• Sonuç bulunamadı

3. Mevcut Makaleleri

1.2. Mekkî ve Medenî

Kur’an-ı Kerim, Mekke ve Medine de olmak üzere iki yerde nazil olmuştur. Kur’an’da sûrelerin bir bölümü Mekki diğerleri ise Medenidir. Sûrelerin neye göre Mekki ve neye göre Medeni olduğu hususu ihtilaflıdır. Ulemânın kâhir ekseriyetinin kabul ettiği görüş hicretin esas alınmasıdır. Yani hicretten önce inen sûrelere Mekkî, hicretten sonra inen sûrelere ise Medenî denilmiştir. Bu tarif nazil olan bütün süreleri iki bölümde ihata etmektedir.98 Osman Keskioğlu da bu görüşü benimsemiştir.99

Keskioğlu’na göre Mekke ve Medine de nâzil olan Kur’an-ı Kerim’in inişi toplam 23 sene de tamamlanmıştır. Yazar, Mekke ile Medine inen surelerin zaman zarfını M. Hudari’den yapmış olduğu nakle dayanarak şöyle taksim etmektedir:

Mekke’de inen sûrelerin müddeti : 12 sene 5 ay 13 gündür. 41 inci yılının Ramazanından başlayarak 54'üncü yılının Rebiülevveline kadar sürer. Bu müddet zarfında nâzil olan âyetlerin cümlesine Mekkî denir.

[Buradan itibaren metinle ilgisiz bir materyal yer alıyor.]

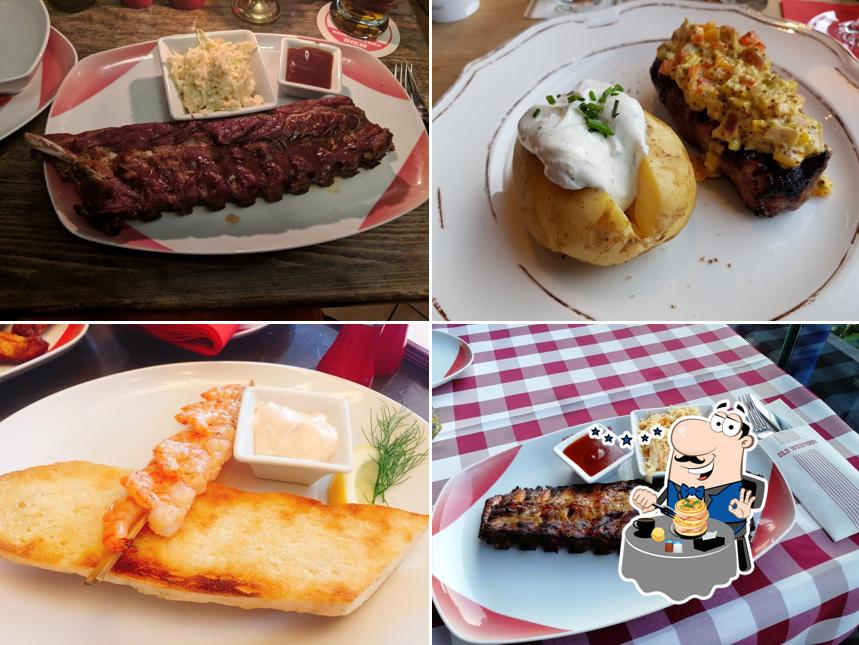 Old Western Restaurant SH Betriebsgesellschaft mbH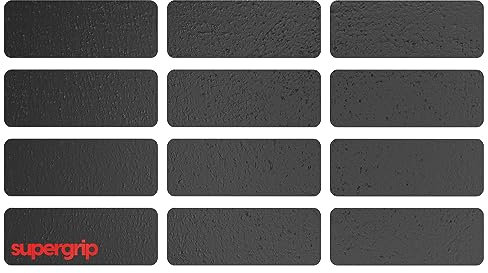 Pulsar Gaming Gears SUPERGRIP - Cinta de agarre universal precortada, prelaminada, absorbe el sudor, de alto rendimiento, universal, antideslizante, ultrafina, 0,5 mm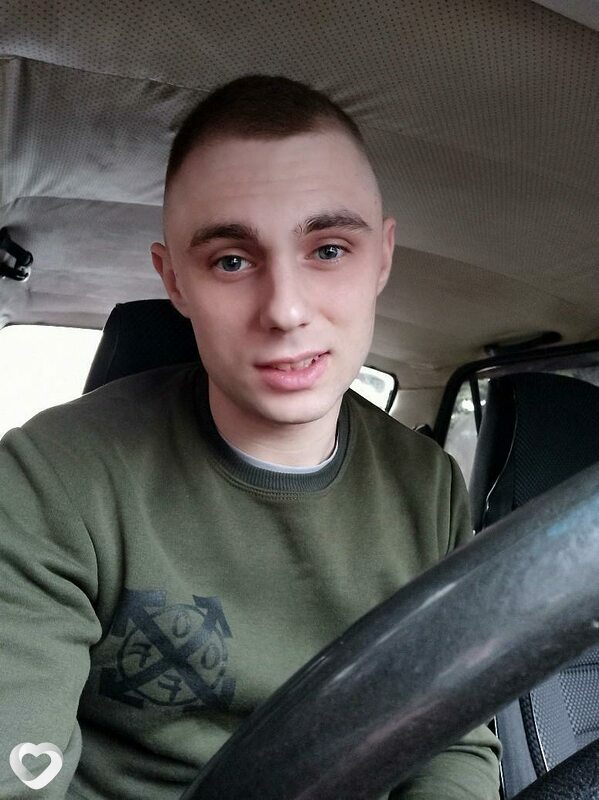 Кирилл, 28, Харькове — анкета №164853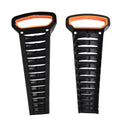 2Pcs Wrench Organizer Rack for Tools and Sockets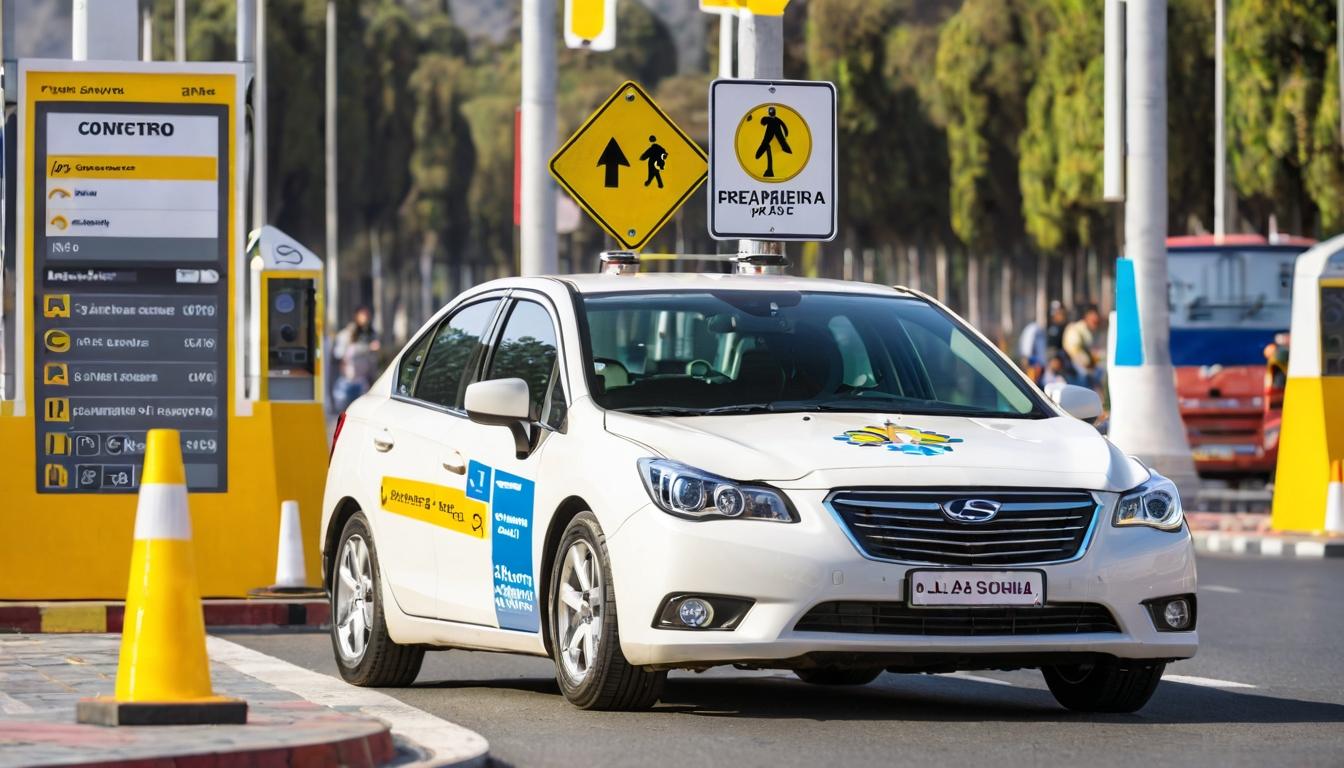 El futuro del seguro automotriz en Chile: tendencias que transformarán cómo protegemos nuestros vehículos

Medenî’de inen sûrelerin müddeti. 9 sene 9 ay ve 9 gündür. Doğumunun 54'üncü yılının Rebiülevvelinin başından başlayıp doğumunun 63'üncü yılının Zilhiccesinin 9'uncu gününe kadar sürer. Bu müddet zarfında nâzil olanlara Medenî denir. İsterse âyet Mekke'de nâzil olsun. İtibar mekâna değil, zamanadır.100

Osman Keskioğlu, vahyin başlangıçı ile sonu arasında geçen tam sürenin 22 sene, 2 ay, 22 gün olduğunu söylüyor. O, bu hesaplamayı şu nükteye dayandırmaktadır: “Mushaf-ı Şerif “Elhamdü-lillâh” ile başlar, “Kuleuzü”ile sona erer. Bu her iki sûrenin harfleri tekrarsız olarak sayılırsa 22 harftir.... İki tarafta sûreler iki yerde 22 harfli; bunu şöyle yazalım: 22-2-22. İki tarafa 22 yazıp araya da 2'yi koyunca tam nüzul müddeti olan 22.2.22 çıkıyor”.101

98 Cerrahoğlu, age, s. 59.

99 Keskioğlu, Kur’an-ı Kerim Bilgileri, s.58

100 Bk.Hudari, Muhammed b. Afifi el-Bacuri, Tarihü't-teşrii'l-İslâmî, el-Mektebetü't-Ticareti'l-Kübra,

1400/1980, s.9-10.

Bu nükte olarak belki kabul edilebilir, ama gerçek sayı olarak kabul edilmesi mümkün değildir. Zîra yukarıda zikredilen Mekke de inen sûrelerin müddeti 12 sene 5 ay 13 gün, Medine de ise 9 sene 9 ay ve 9 gündür. Toplam rakam 22 yıl 4 ay 22 gündür.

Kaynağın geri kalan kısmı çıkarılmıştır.